Given information:

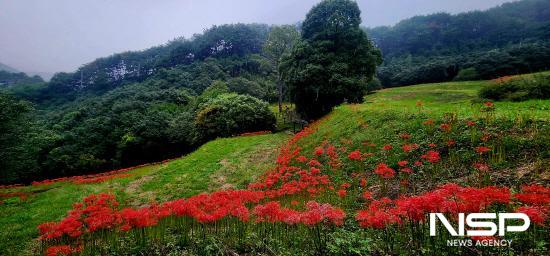 NSP통신-옥룡사 동백나무숲 (사진 = 광양시청)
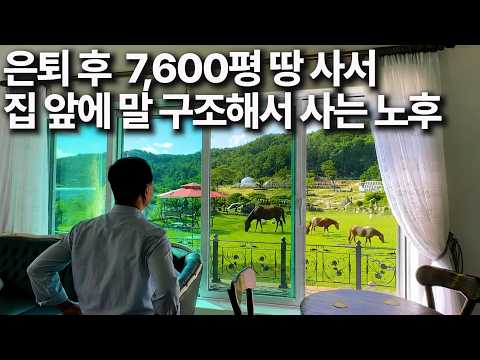 A Day in the Life of a Rescuer Who Saved a Horse from Slaughter and Built It a 3,000-Pyeong Home ...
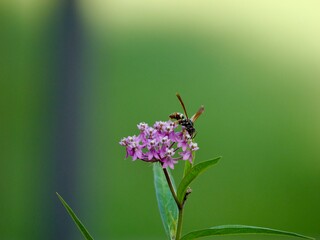 Hornet on a flower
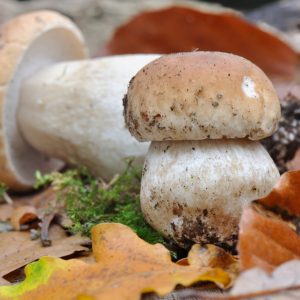 Το τρόφιμο που θα «λατρέψει» το έντερό σας – Παρέχει ίνες, πρωτεΐνες και βιταμίνη D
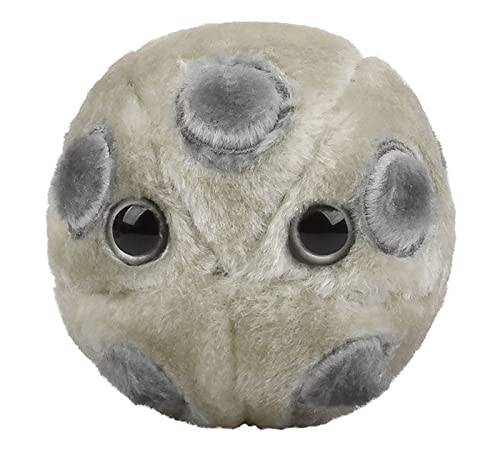 GIANTmicrobes HPV Plush, STIs, STDs, Medical Gag Gifts Funny, OBGYN Gifts for Doctors, Infection Prevention Gifts, Infection Con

Required action: Copy every record exactly, leaving the pictures out.

Output of the exercise:
 NSP통신-옥룡사 동백나무숲 (사진 = 광양시청)
 A Day in the Life of a Rescuer Who Saved a Horse from Slaughter and Built It a 3,000-Pyeong Home ...
 Hornet on a flower
 Το τρόφιμο που θα «λατρέψει» το έντερό σας – Παρέχει ίνες, πρωτεΐνες και βιταμίνη D
 GIANTmicrobes HPV Plush, STIs, STDs, Medical Gag Gifts Funny, OBGYN Gifts for Doctors, Infection Prevention Gifts, Infection Con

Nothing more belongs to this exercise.